Rabbi Glenn Karonsky was known for rolling up his sleeves and getting to work.
Karonsky — who retired this summer as executive director of the Center for Jewish Living and Learning at the Jewish Community Federation of the Greater East Bay — would occasionally appear at educational retreats and scrub down pots, pans, kitchen counters and even blowtorch ovens to make the kitchens kosher.
Former colleague Jo-Ann Jacobson, vice president of the East Bay federation, said Karonsky was always willing to do what was required, even if he was the man in charge.
“He is willing to serve food if he needs to,” she said, adding that he never needed to be in the spotlight. “He enables people to star in what they can star in.”
The native San Franciscan spent 25 years as a Jewish educator, and his almost 13-year stint leading the East Bay’s Jewish educational agenda is marked with numerous highlights and organizational growth his colleagues call unprecedented.
He was involved in opening two new Jewish day schools in the East Bay, and helped start a program that provided special-education resources to parents and day schools, plus a summer Israel program for teens that now sends more than 100 East Bay teens a year to the Middle East, proportionately more than most other communities its size.
And Karonsky is credited with doubling the participation in Midrasha, the after-school Jewish education program for high school students, making it the second-largest communal system for teen Jewish education in the nation, he said.
Karonsky said he prioritized Midrasha because he saw the potential for securing Jewish identity and passion about Jewish living and learning.
“[The] East Bay has conquered the notion that Jewish education ends at bar- and bat mitzvah,” he said, adding that the center’s research showed that almost 90 percent of all East Bay b’nai mitzvah students continue their education into the Midrasha programming.

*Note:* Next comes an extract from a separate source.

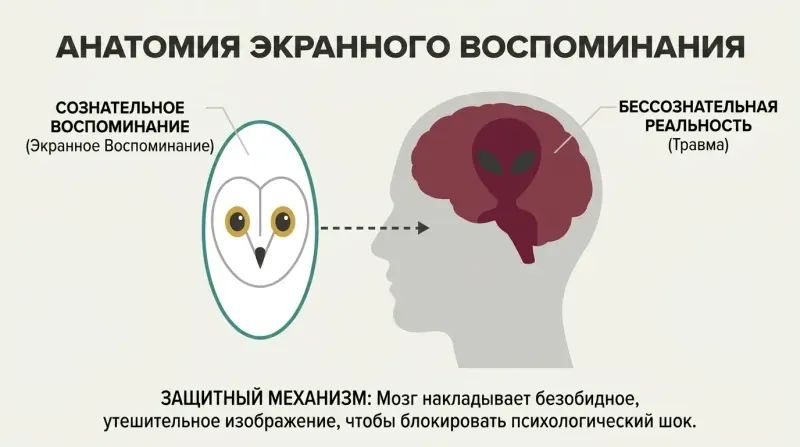 Layered diagram showing a friendly owl-face mask floating in front of a human profile to hide a dark, unsettling memory inside the mind.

The number who continue through high school graduation is “staggering,” he added.
“When you put the whole package together, students leave their high school years secure in their Jewish identity and passionate about Jewish living and learning.”
In fact, Karonsky thinks Jewish education for children is presently so outstanding that many students have greater knowledge than their parents.

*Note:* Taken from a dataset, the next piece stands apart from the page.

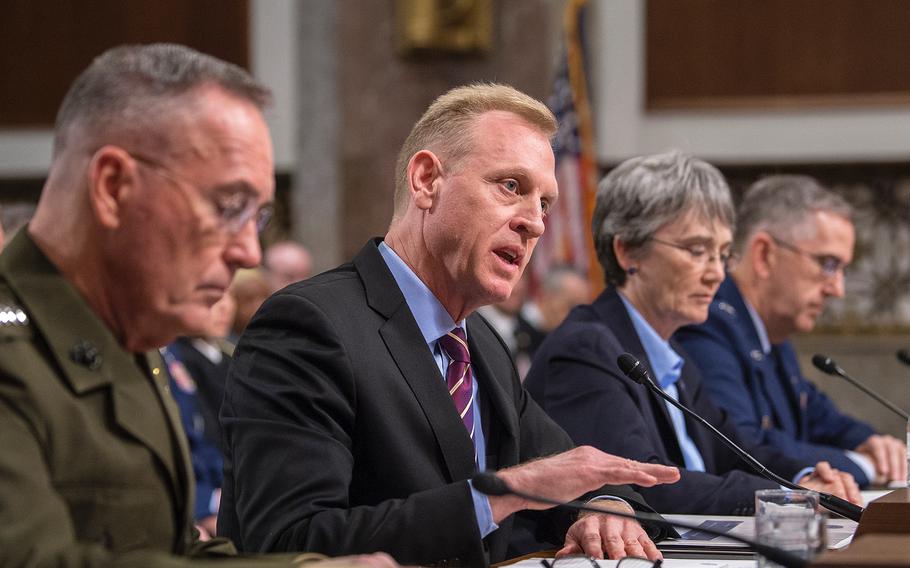 Acting Secretary of Defense Patrick Shanahan testifies on Thursday, April 11, 2019, during a Senate Armed Services Committee hearing on Capitol Hill in Washington. Also testifying are Chairman of the Joint Chiefs of Staff Gen. Joseph Dunford, left, Secretary of the Air Force Heather Wilson and Commander of the U.S. Strategic Command Gen. John Hyten.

He thinks the next steps should be serving the growing East Bay Jewish community, giving adults a more intense opportunity to study Judaism and reaching out to assimilated Jews.
And what does a retiring 49-year-old rabbi do?
Karonsky is leaving Jewish communal work, moving to the Peninsula and pursuing a private-business opportunity. He is beginning a second career, but he said the impact of his first one — and his passion for Jewish education — will last his lifetime.
Loren Basch, CEO of the East Bay federation, said Karonsky has had an impact on the lives of many kids, some of whom have already become community leaders and educators.
“Anytime that Glenn was asked to perform rabbinical duties, certainly in terms of teaching us about the Jewish holidays and conducting the Jewish holidays at the federation, he was just tremendous,” Basch said. “He was always ready to serve and do his best for the community.”